■ **Activity**
The lines from the first line of the entries through the line containing "دانلود Anthemion Jutoh" are to be repeated exactly, with both of those lines included.

[Input records]

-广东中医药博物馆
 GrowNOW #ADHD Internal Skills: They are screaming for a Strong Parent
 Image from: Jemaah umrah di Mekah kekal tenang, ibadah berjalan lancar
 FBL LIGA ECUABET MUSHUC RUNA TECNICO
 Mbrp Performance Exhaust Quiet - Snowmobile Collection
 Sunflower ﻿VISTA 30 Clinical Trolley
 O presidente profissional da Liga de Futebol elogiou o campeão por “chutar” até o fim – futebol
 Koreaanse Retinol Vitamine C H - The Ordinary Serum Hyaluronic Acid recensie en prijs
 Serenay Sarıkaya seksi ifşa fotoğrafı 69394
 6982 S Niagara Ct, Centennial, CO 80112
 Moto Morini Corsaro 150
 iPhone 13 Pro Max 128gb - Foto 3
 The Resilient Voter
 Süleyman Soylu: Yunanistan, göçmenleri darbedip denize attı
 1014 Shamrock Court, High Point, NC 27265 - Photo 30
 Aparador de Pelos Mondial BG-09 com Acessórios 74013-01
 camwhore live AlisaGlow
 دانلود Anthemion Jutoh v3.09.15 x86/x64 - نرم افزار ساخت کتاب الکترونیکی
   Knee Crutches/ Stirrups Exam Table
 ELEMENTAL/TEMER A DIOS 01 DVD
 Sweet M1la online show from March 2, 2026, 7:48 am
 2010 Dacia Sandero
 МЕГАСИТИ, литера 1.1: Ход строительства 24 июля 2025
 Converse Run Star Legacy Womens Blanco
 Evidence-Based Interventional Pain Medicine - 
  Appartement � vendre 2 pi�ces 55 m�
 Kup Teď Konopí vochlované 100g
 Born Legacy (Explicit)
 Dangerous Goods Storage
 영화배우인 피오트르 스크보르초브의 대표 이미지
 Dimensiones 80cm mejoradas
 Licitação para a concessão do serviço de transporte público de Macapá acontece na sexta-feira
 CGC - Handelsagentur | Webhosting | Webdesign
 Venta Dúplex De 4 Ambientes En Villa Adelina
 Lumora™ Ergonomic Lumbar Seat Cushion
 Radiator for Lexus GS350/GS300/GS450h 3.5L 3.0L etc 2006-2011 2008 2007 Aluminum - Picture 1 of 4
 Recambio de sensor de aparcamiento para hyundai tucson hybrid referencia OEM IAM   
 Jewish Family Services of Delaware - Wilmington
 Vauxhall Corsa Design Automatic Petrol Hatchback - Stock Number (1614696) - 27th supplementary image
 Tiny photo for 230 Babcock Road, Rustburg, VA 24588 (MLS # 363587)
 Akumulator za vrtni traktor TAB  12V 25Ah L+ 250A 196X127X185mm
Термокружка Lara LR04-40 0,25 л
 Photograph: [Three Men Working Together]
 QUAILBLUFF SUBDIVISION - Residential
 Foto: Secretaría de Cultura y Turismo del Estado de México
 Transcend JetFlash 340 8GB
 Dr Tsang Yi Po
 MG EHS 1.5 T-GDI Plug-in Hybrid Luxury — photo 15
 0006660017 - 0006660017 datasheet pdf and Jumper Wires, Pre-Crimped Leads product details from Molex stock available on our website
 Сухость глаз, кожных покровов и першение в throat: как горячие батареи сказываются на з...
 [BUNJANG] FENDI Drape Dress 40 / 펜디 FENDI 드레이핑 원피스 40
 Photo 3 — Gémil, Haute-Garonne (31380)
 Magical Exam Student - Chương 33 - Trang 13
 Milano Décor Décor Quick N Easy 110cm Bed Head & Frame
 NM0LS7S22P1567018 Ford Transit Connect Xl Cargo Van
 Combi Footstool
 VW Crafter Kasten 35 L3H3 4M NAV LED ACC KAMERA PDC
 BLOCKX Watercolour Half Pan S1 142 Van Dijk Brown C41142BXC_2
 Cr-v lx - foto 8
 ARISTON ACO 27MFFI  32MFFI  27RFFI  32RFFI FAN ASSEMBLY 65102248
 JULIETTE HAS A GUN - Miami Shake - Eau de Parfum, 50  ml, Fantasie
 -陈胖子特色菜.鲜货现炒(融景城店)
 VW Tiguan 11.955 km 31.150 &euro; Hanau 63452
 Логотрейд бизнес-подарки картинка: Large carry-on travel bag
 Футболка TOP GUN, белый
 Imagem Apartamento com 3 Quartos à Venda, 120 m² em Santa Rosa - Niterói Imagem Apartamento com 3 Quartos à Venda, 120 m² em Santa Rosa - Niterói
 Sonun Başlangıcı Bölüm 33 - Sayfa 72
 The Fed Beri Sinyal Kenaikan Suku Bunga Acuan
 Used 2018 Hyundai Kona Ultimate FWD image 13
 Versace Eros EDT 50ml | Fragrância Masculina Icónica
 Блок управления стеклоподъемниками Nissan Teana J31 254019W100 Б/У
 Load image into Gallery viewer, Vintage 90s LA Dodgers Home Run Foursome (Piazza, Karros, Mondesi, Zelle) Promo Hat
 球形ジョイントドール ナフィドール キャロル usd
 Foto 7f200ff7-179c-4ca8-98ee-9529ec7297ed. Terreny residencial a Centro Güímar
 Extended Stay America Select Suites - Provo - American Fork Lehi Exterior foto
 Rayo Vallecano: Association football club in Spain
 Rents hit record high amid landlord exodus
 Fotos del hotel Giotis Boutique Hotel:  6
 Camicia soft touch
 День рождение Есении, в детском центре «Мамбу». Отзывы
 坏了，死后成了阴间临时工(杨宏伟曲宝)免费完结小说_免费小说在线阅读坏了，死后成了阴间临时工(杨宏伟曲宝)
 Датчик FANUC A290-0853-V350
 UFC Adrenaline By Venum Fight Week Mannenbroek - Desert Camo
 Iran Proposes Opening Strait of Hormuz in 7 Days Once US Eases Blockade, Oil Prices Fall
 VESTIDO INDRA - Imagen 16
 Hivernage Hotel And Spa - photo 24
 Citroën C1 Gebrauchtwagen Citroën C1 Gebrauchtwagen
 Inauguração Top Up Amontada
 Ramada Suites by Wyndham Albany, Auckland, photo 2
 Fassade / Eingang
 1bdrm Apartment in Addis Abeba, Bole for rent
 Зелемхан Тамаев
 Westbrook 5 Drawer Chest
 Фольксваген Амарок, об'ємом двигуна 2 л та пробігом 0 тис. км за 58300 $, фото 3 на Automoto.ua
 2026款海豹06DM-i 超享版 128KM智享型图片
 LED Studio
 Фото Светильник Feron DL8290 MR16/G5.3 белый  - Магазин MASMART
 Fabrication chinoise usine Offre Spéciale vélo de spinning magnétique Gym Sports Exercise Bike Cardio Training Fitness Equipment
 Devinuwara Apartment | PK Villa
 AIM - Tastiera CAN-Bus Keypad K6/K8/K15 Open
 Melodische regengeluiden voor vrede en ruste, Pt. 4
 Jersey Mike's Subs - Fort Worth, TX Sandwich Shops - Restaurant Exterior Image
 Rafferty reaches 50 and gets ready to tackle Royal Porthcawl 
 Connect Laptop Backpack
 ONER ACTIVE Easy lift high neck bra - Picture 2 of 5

[/Input records]

■ **Final answer**
-广东中医药博物馆
 GrowNOW #ADHD Internal Skills: They are screaming for a Strong Parent
 Image from: Jemaah umrah di Mekah kekal tenang, ibadah berjalan lancar
 FBL LIGA ECUABET MUSHUC RUNA TECNICO
 Mbrp Performance Exhaust Quiet - Snowmobile Collection
 Sunflower ﻿VISTA 30 Clinical Trolley
 O presidente profissional da Liga de Futebol elogiou o campeão por “chutar” até o fim – futebol
 Koreaanse Retinol Vitamine C H - The Ordinary Serum Hyaluronic Acid recensie en prijs
 Serenay Sarıkaya seksi ifşa fotoğrafı 69394
 6982 S Niagara Ct, Centennial, CO 80112
 Moto Morini Corsaro 150
 iPhone 13 Pro Max 128gb - Foto 3
 The Resilient Voter
 Süleyman Soylu: Yunanistan, göçmenleri darbedip denize attı
 1014 Shamrock Court, High Point, NC 27265 - Photo 30
 Aparador de Pelos Mondial BG-09 com Acessórios 74013-01
 camwhore live AlisaGlow
 دانلود Anthemion Jutoh v3.09.15 x86/x64 - نرم افزار ساخت کتاب الکترونیکی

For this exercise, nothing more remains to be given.